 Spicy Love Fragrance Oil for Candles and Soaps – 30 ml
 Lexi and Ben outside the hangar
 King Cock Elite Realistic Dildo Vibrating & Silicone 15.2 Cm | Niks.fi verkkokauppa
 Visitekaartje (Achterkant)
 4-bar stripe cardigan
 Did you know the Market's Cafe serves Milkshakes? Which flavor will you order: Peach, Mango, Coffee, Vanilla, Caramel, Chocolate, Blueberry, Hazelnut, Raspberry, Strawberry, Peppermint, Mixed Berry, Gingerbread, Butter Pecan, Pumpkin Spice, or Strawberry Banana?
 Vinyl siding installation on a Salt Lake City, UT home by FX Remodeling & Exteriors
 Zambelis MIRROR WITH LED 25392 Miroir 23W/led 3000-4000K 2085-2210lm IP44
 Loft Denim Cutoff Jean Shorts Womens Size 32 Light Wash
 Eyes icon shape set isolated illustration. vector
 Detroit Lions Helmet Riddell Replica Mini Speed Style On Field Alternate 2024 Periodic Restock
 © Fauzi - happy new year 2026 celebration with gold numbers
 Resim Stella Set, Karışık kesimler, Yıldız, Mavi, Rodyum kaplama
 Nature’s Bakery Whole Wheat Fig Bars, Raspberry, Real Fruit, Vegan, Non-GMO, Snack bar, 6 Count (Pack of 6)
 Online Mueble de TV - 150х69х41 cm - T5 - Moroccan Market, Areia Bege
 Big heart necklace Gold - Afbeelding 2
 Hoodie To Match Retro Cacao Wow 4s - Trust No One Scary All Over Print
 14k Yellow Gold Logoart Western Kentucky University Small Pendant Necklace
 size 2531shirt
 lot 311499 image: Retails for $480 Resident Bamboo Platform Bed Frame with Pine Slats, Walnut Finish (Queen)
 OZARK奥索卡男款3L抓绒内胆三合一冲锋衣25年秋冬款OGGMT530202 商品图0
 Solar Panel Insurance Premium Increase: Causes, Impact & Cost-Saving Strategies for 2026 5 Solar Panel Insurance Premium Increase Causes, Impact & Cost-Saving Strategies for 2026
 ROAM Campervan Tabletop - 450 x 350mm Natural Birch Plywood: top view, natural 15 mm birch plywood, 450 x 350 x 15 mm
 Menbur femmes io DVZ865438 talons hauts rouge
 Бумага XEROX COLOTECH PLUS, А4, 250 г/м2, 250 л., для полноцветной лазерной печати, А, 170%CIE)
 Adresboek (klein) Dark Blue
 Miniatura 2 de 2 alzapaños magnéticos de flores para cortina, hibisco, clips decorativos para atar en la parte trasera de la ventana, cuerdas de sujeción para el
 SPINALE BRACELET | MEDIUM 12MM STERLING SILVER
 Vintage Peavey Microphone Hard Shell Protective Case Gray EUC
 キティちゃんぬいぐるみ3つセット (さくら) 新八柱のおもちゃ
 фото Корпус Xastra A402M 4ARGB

:::

→ PROBLEM DETAILS
Within the material above, copy exactly the lines from the line that holds "with gold numbers" up to and including the line that holds "Hoodie To Match".

→ SOLUTION
 © Fauzi - happy new year 2026 celebration with gold numbers
 Resim Stella Set, Karışık kesimler, Yıldız, Mavi, Rodyum kaplama
 Nature’s Bakery Whole Wheat Fig Bars, Raspberry, Real Fruit, Vegan, Non-GMO, Snack bar, 6 Count (Pack of 6)
 Online Mueble de TV - 150х69х41 cm - T5 - Moroccan Market, Areia Bege
 Big heart necklace Gold - Afbeelding 2
 Hoodie To Match Retro Cacao Wow 4s - Trust No One Scary All Over Print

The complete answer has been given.